Staking Functionality
Last updated
Last updated
Upon successful artwork sales and weekly inflation runs on AOVR tokens, the ovr-program requires a mechanism for distributing the appropriate SPL tokens to the corresponding recipients. As it is not feasible to keep large lists of addresses on chain, nor possible to present large numbers of accounts to the ovr-program function call, it is not possible for the ovr-program to transfer tokens directly to a large number of recipients.

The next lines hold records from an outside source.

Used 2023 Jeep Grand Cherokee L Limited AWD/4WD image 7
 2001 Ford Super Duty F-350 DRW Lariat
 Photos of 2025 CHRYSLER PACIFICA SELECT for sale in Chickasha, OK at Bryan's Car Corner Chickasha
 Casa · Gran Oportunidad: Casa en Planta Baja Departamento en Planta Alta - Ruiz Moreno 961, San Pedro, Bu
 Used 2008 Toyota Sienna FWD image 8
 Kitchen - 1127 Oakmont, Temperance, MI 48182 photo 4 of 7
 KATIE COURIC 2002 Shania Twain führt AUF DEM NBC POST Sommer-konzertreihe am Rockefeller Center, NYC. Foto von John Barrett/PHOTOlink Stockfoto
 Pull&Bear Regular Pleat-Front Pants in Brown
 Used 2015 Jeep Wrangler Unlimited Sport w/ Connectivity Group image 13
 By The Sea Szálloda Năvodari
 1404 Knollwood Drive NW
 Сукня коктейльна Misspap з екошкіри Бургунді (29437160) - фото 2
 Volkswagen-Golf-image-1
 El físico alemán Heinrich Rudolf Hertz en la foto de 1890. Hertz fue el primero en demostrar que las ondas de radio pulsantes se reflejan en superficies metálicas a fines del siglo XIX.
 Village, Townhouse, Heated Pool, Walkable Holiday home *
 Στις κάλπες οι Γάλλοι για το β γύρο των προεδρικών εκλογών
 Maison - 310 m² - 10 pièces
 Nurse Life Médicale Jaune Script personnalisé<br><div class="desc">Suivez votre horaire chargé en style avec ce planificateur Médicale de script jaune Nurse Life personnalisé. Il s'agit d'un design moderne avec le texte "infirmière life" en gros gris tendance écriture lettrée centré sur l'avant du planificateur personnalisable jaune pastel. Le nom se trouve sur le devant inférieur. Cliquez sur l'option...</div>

A proposed solution is to extend the ovr-program (or a separate program), henceforth the staking program, which in essence would allow a large number of balances to be updated in an atomic fashion without the need to pass in a large number of accounts into the function call. Instead of transferring tokens directly, a balance on a ledger that represents the balance owed to a specific account would be increased. This allows the staking program to update a large number of balances, limited only by computation limits. The stakes would be stored in one of N staking slots, grouped into a number M of staking pools. Each pool would provide rebalancing and withdrawal functions, such that at any time the rightful owner of the stake could withdraw their tokens or read their balance. The solution would not allow for an infinite number of stakeholders, but a reasonable number, e.g. 100 staking pools with 100 slots within could provide 10,000 individual staking slots. The full details of the proposal are found in Appendix 1 to this document.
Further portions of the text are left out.